The changed environment on Wall Street exacted a toll Friday as Bank United Corp. put off a $220 million debt issue, citing weak demand in the bond market.

The $10 billion-asset Houston banking company had intended to sell $120 million of 10-year subordinated notes and $100 million of seven-year subordinated notes. Smith Barney Inc. was lead manager on the deal.

Market observers were not surprised by Bank United's postponement. March employment statistics announced by the Labor Department Friday suggested further interest rate increases are in store from the Federal Reserve.

"In a stronger market, like three weeks ago, the deal would have gone well," said a trader who declined to be identified. "Bank United is an emerging investment grade story, but clearly, lower-rated debt is going to take the brunt" in a deteriorating market.

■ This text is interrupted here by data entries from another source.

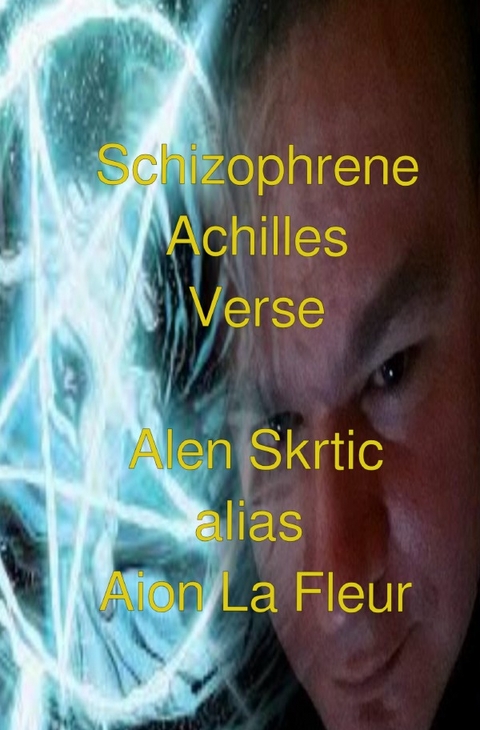 Schizophrene Achilles Verse - Alen Skrtic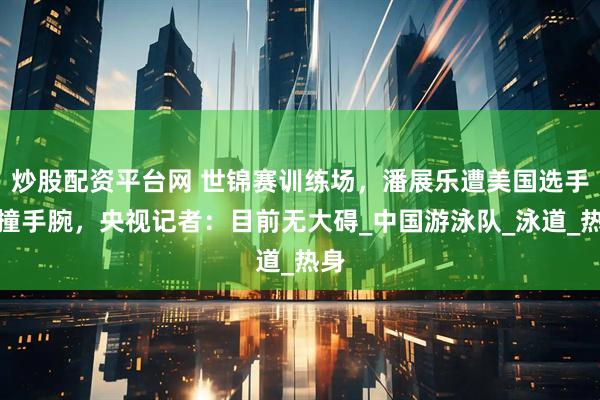 炒股配资平台网 世锦赛训练场，潘展乐遭美国选手碰撞手腕，央视记者：目前无大碍_中国游泳队_泳道_热身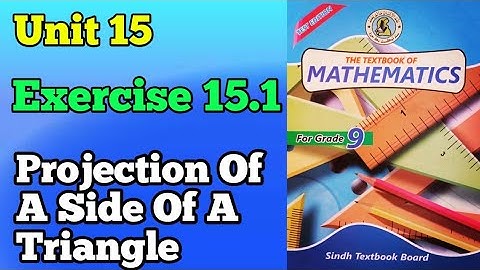Exercise 15.1 unit 15 projection of a side of a triangle class 9 new mathematics book Sindh board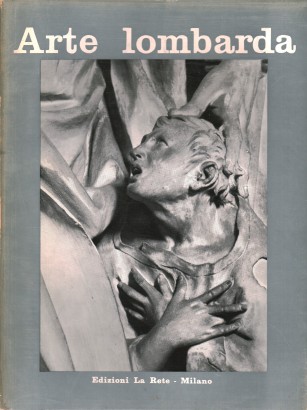 Arte lombarda. Rivista di storia dell'arte (Anno VII-Primo Semestre 1962)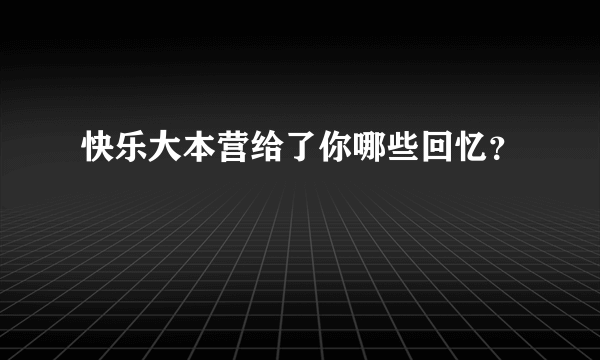 快乐大本营给了你哪些回忆？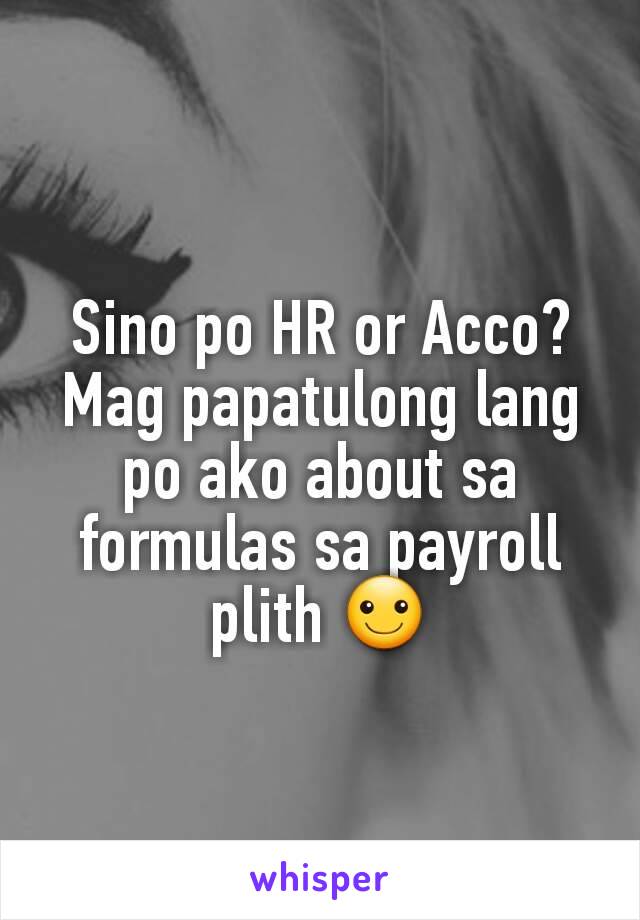 Sino po HR or Acco? Mag papatulong lang po ako about sa formulas sa payroll plith ☺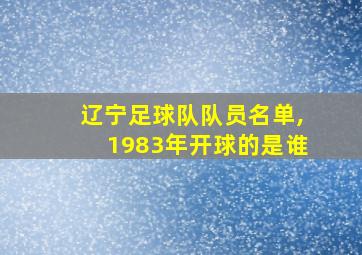 辽宁足球队队员名单,1983年开球的是谁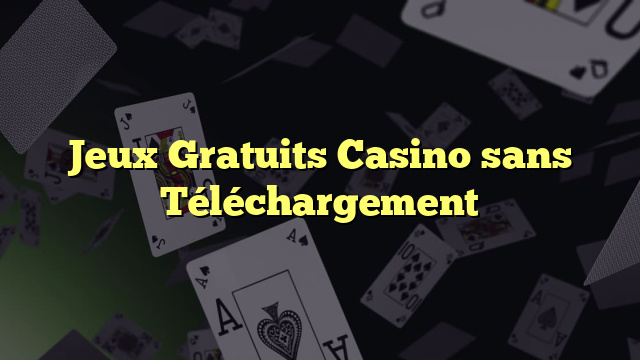 Jeux Gratuits Casino sans Téléchargement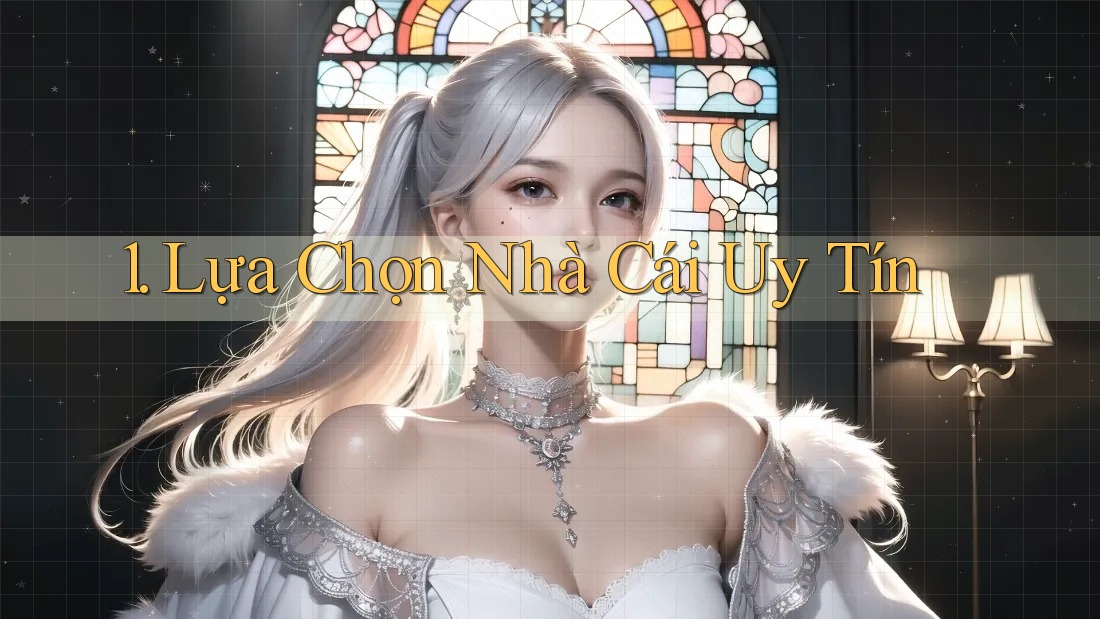 1. Lựa Chọn Nhà Cái Uy Tín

Bank United's debt is rated "Ba3" by Moody's Investors Service Inc. and "BB-plus" by Standard & Poor's Corp, which is noninvestment-grade.

In recent weeks, the high-yield market has been under considerable pressure. Traders noted that spreads have widened by as much as 75 basis points.

The deteriorating bond environment could prompt other bank and financial companies with investment-grade and junk debt offerings to follow Bank United's lead.

"The cost of corporate credit has gone up five to 10 basis points" during the last several weeks, according to bank bond analyst Allerton G. Smith of Donaldson, Lufkin & Jenrette Inc.

"About $3 billion in subordinated debt is set to mature in 1997," he said, adding, "we don't see much pressure for banks to refund."

Joseph Labriola, director of corporate bond research at PaineWebber Inc. said: "When you introduce more supply, it only aggravates the situation, given market conditions. Obviously companies will pull or postpone their deals and wait until more advantageous times."

Bank United assistant treasurer Lynn King said the Texas company must make the offering by May 23 because of a tender offer. She said $120 million of the new debt is intended to replace $115 million of outstanding senior notes. The company is planning to downstream the rest of the proceeds to its subsidiary bank.